As you may creationists having transitioned through cdesign proponentsism have recently evolved changed into Intelligent Design theorists. The unsophisticated of the past "it's all just too complex to have happened without god" have been replaced with sciency-sounding objections like "you can't get that much information by chance" or "you can't get that much complexity by chance". There are even whole labs devoted to proving this headed up by people with PhDs in maths!

It seems the leading lights of this new movement have spend the last several years worrying about a computer program that Richard Dawkins wrote on a a first generation Apple Mac in the 1980s. Dawkins' program is a toy aimed at showing just how powerful selection is as a force when compared to the blind "chance" that creationists often talk about. Dawkins showed that a room full of monkeys bashing keyboards (or a computer randomly choosing letters) would not merely fail to write Shakespeare's complete works in the lifetime of the universe - they'd be hard pressed to hit upon Hamlet's description of a cloud - "Methinks it is like a weasel". On the other hand, altering letters to a random sequence then selecting those most like a target to serve as the template for more rounds of variation and section can get you the phrase in a few minutes.
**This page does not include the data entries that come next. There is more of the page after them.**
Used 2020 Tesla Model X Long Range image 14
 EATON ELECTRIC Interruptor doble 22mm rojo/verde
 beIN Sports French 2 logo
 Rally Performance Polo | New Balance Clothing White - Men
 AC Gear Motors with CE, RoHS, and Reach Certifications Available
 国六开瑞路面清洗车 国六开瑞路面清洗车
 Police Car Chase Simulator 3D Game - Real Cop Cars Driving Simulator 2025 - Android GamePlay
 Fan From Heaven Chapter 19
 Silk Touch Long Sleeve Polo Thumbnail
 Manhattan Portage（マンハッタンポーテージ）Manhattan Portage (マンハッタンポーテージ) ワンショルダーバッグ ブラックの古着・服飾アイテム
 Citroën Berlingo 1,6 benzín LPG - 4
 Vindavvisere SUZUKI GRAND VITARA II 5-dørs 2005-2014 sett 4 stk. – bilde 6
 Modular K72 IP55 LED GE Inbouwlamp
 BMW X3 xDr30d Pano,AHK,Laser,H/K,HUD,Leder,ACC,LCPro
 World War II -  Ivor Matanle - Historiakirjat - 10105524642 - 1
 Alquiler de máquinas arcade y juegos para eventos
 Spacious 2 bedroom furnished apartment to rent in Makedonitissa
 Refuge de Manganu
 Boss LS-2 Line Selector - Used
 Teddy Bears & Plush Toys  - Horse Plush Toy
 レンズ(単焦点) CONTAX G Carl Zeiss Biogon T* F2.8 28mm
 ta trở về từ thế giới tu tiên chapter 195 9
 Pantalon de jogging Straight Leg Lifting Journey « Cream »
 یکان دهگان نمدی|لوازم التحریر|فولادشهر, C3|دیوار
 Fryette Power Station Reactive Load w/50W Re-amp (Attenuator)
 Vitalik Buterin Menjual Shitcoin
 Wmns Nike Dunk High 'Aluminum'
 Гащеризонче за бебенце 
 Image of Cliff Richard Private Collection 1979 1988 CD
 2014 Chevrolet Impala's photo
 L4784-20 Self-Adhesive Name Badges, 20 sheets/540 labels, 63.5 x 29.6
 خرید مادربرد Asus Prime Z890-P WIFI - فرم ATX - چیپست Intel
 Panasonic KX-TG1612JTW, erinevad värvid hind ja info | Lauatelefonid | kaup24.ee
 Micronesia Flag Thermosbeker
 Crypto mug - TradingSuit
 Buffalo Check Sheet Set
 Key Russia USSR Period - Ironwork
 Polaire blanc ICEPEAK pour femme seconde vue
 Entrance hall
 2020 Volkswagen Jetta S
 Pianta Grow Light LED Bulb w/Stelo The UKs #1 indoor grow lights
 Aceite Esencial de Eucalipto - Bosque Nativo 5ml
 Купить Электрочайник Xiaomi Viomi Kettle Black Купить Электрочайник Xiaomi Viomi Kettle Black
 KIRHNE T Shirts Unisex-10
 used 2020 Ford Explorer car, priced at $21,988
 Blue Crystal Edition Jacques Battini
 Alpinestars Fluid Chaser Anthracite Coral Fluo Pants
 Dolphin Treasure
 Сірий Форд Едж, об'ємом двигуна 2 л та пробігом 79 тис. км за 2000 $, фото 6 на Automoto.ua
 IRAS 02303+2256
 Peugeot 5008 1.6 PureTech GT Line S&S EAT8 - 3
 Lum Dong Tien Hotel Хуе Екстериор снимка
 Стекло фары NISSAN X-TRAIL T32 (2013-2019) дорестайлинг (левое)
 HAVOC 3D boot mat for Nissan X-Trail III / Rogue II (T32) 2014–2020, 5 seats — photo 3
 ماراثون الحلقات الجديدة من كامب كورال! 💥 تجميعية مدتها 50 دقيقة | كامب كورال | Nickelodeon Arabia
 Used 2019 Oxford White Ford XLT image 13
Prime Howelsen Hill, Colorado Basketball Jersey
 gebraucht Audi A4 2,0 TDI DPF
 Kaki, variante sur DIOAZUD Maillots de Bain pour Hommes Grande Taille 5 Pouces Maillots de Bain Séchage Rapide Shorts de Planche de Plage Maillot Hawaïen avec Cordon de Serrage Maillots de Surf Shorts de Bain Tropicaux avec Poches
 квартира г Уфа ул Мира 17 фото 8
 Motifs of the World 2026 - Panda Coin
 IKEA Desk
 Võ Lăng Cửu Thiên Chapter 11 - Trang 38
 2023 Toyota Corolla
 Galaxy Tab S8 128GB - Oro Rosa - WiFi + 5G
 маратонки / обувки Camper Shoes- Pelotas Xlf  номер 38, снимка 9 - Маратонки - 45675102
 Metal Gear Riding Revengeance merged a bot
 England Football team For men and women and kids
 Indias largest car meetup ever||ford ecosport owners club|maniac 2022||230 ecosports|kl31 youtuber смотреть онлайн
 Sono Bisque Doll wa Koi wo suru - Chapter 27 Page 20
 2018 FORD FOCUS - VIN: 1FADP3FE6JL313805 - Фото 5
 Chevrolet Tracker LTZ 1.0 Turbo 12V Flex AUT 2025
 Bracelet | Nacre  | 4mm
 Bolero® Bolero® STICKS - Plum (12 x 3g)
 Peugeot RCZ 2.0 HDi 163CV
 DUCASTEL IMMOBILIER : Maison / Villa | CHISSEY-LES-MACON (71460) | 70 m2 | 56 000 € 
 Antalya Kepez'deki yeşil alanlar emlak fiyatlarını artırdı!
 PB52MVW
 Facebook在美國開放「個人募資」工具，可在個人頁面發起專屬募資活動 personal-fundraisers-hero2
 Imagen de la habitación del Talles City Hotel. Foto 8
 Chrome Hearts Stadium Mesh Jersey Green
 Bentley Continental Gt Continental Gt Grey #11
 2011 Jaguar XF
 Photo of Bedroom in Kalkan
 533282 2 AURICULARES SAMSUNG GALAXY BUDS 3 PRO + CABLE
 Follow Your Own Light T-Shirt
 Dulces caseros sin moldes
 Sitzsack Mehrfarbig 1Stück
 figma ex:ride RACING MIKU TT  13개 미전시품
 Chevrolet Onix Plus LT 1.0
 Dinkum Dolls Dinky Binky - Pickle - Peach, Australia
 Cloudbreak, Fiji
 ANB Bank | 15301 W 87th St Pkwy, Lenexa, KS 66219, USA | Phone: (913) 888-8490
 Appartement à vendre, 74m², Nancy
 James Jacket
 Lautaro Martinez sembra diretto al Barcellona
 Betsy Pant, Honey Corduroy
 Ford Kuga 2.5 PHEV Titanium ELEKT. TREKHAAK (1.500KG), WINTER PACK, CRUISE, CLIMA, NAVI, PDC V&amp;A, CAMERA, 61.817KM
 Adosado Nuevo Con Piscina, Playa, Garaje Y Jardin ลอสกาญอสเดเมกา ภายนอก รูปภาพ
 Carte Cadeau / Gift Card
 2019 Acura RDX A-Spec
Ian Musgrave can tell you just how confused the creationists are by this program and provide details of their latest bizarre ideas. But the most interesting bit of all of this was the last line on a post from William Dembski the intellectual leader of the IDers:

In any case, our chief programmer at the Evolutionary Informatics Lab (www.evoinfo.org) is expanding our WEASEL WARE software to model both these possibilities. Stay tuned.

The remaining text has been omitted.